1945 Chatham Cup

Tournament details
- Venue(s): Basin Reserve, Wellington
- Dates: 1 September 1945

Final positions
- Champions: Western (2nd title)
- Runners-up: Wellington Marist

= 1945 Chatham Cup =

The 1945 Chatham Cup was the 18th nationwide knockout football competition in New Zealand, and the first such competition after a four-year gap caused by World War II.

The competition was run on a regional basis, with regional associations each holding separate qualifying rounds.
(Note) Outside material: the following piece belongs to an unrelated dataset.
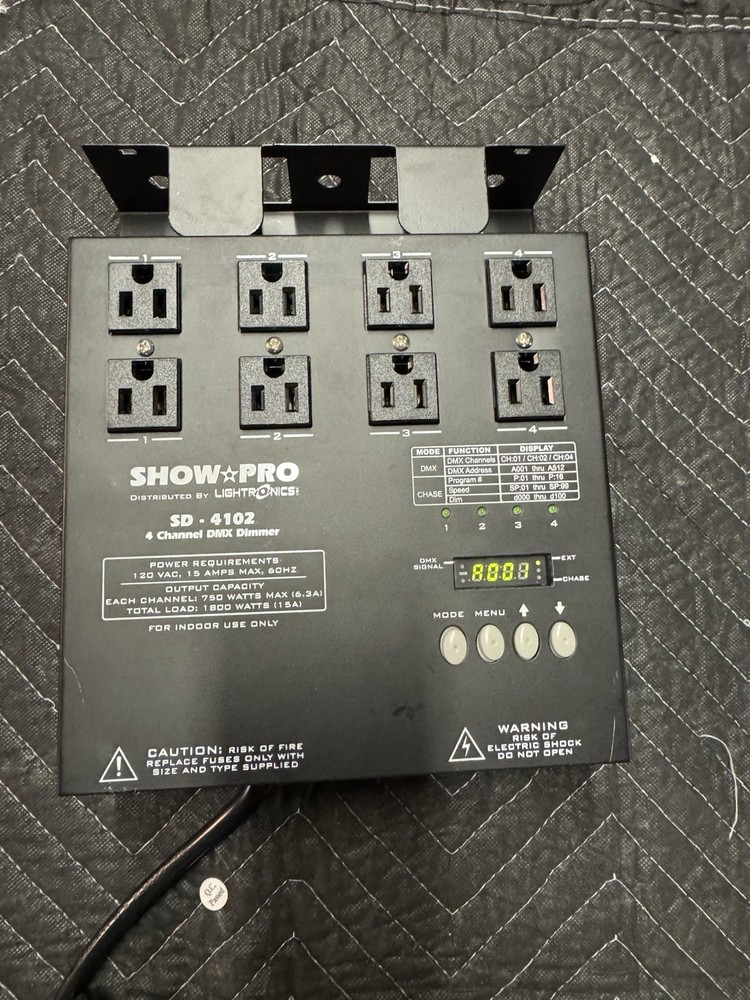 Lightronics SD4102 4  Channel Portable Dimmer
Teams taking part in the final rounds are known to have included Wellington Marist, St. Andrews (Manawatu), Western (Christchurch), and Mosgiel.

==The 1945 final==
In the final, Jack Smith scored a hat-trick, including one goal from the penalty spot. Merv Gordon's own goal is the first to be definitively recorded as such in a Chatham Cup final, though some goals in earlier finals are regarded as own goals in some publications. The game is noted as an exciting one, especially the second half. The only goal of the first half came after 17 minutes from Marist's G. Irvine. The lead became 2–0 twenty minutes into the second half through Ray Price, only for Western to score twice, the second goal coming only one minute before the whistle. In extra time Gordon's own goal was nullified by an equaliser from Ray Dowker before Smith hit the winner from the penalty spot.

==Results==
===Quarter-finals===
28 July 1945
Glen Massey 1 - 6 Rotowaro Tigers
11 August 1945
Wellington Marist 5 - 0 Stop Out
11 August 1945
Western 4 - 3 Christchurch Thistle
11 August 1945
Roslyn-Wakari 2 - 4 Mosgiel

===Semi-finals===
18 August 1945
Mosgiel 3 - 7 Western
18 August 1945
Rotowaro Tigers 2 - 2 Wellington Marist
21 August 1945
Rotowaro Tigers 0 - 2 Wellington Marist

===Final===
1 September 1945
Western 4 - 3 (aet) Wellington Marist
  Western: J. Smith 3 (1 pen), Dowker
  Wellington Marist: Irvine, Price, Gordon (og)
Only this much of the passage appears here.